The Devil’s Disciple by Shiro Hamao

Two very entertaining thriller/mysteries by an author you’ve probably never heard of translated here by J. Keith Vincent.

Both stories, “The Devil’s Disciple” and the novella length “Did He Kill Them” are really psychological studies as much as noir detective thrillers. In both, the “killer” has already been caught so there’s not that much of investigating to be done.  However, in each the confession is highly suspect. There is much more going on than first meets the eye.

They are each interesting as mystery/thrillers and for the portrait they present of 1930’s Japan when they were written. They are not a happy, fantasy, Japan; there is murder in both stories so we are entering dark territory not suitable for tourists, but the look inside the Japanese justice system of the day and the glimpse of Japanese society’s more sensationalist side made for interesting reading.

I enjoyed both stories, in fact I hope to find more of Shiro Hamao’s 17 novellas and three novels translated into English.

The Illustrated Man by Ray Bradbury

It’s long been my belief that you should never revisit the things that most impressed you when you were young.  My number one object lesson for this belief is the 1972  science fiction movie Silent Running starring Bruce Dern.  (I’ve posted the trailer for it below.) I was nine-years-old when I saw it.  The special effects, the ecological message, the robots, the final shot of one robot caring for the plants with a battered watering can, it all blew my mind.  I never saw it again, but I have always remembered it.

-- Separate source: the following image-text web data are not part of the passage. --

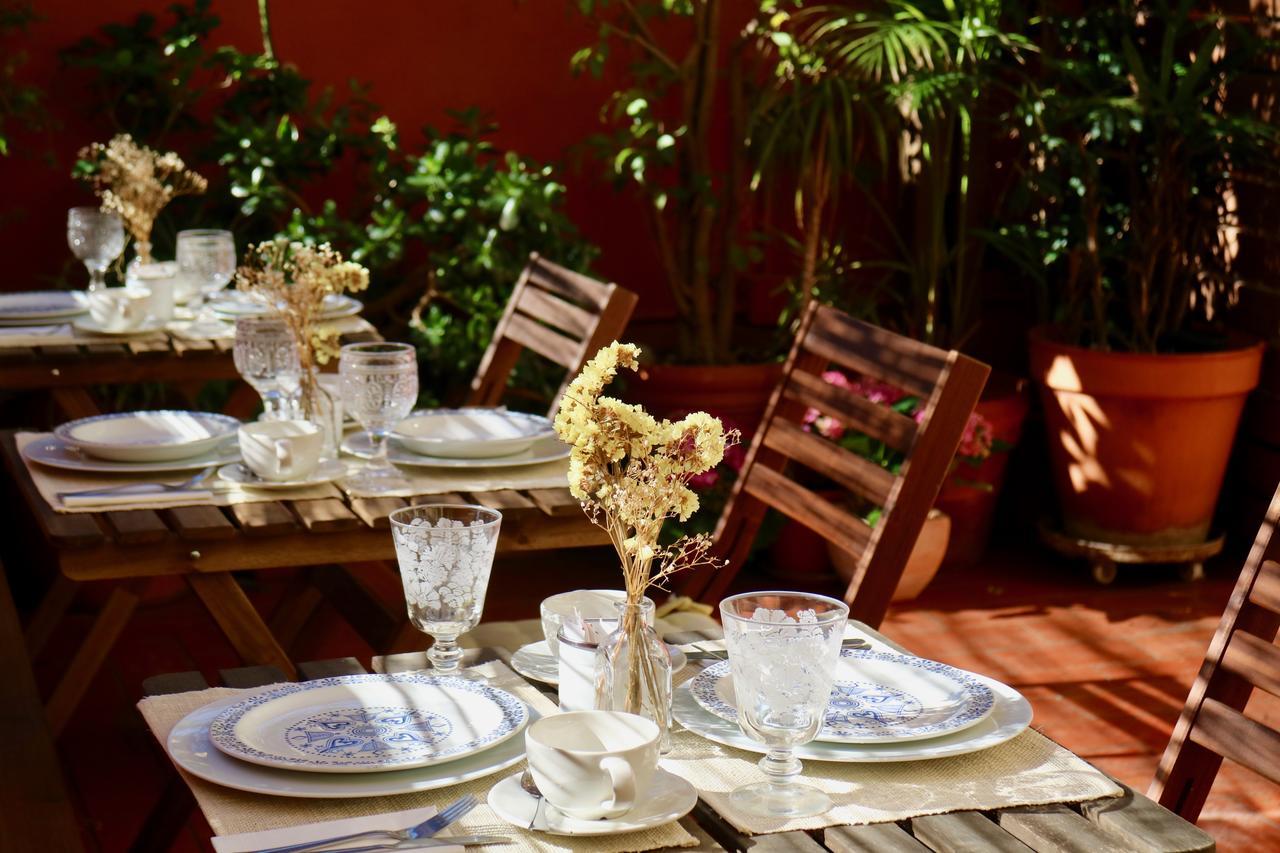 Hostal Poblenou Barcelona Luaran gambar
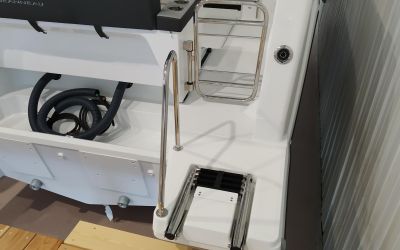 JEANNEAU MERRY FISHER 895 Serie 2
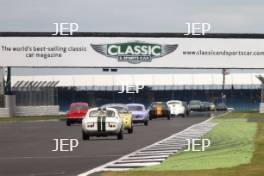 Silverstone Classic 2016,  29th-31st July, 2016, Silverstone Circuit, Northants, England.  Classic and Sportscar Bridge Copyright Free for editorial use only Mandatory credit – Jakob Ebrey Photography 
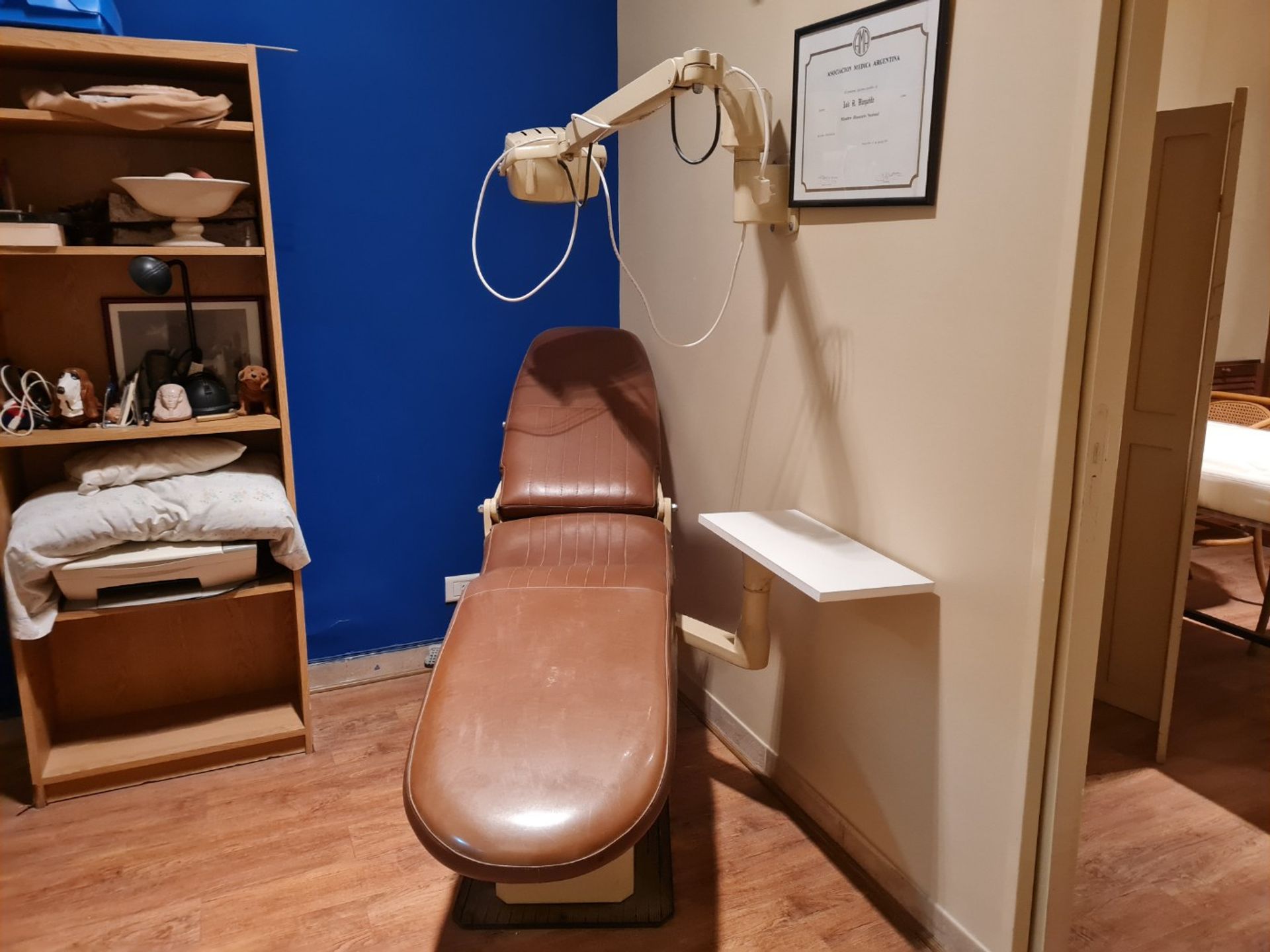 VENTA DEPTO PLANTA BAJA APTO PROFESIONAL RECOLETA - 9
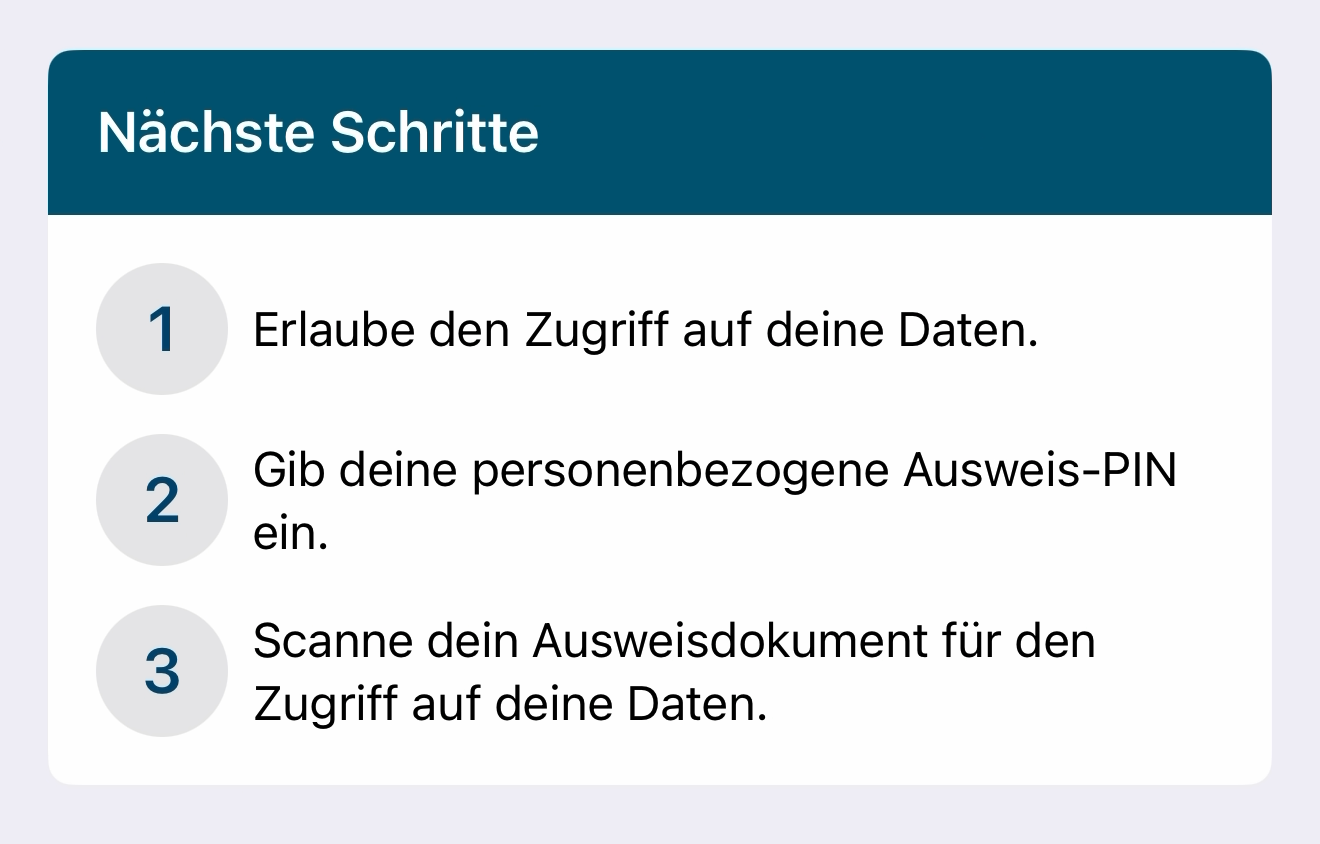 Digitaler Fahrzeugschein: So speicherst du Auto und Wohnwagen in der i-Kfz App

In college, late one night when the dorm conversation turned to classic made-for-television movies the way it often did, I brought up Silent Running, the movie with that guy alone in space who teaches the robots to play poker, you know, the one with the forests inside the domes…..  Turns out I was far from the only nine-year-old to fall in love with Silent Running in 1972.

I warned the group, don’t watch it again.  You know it’s going to look cheesy compared to Blade Runner and Star Wars and you’re just going to end up being embarrassed to admit you ever liked it.  Keep the memory alive. Don’t ever watch it again.

A few years later I heard from one of my college friends.  She had watched the movie.  I was right.

In spite of this long held belief, when Ray Bradbury’s Illustrated Man came up on Kindle’s daily deal for 99 cents, I bought it.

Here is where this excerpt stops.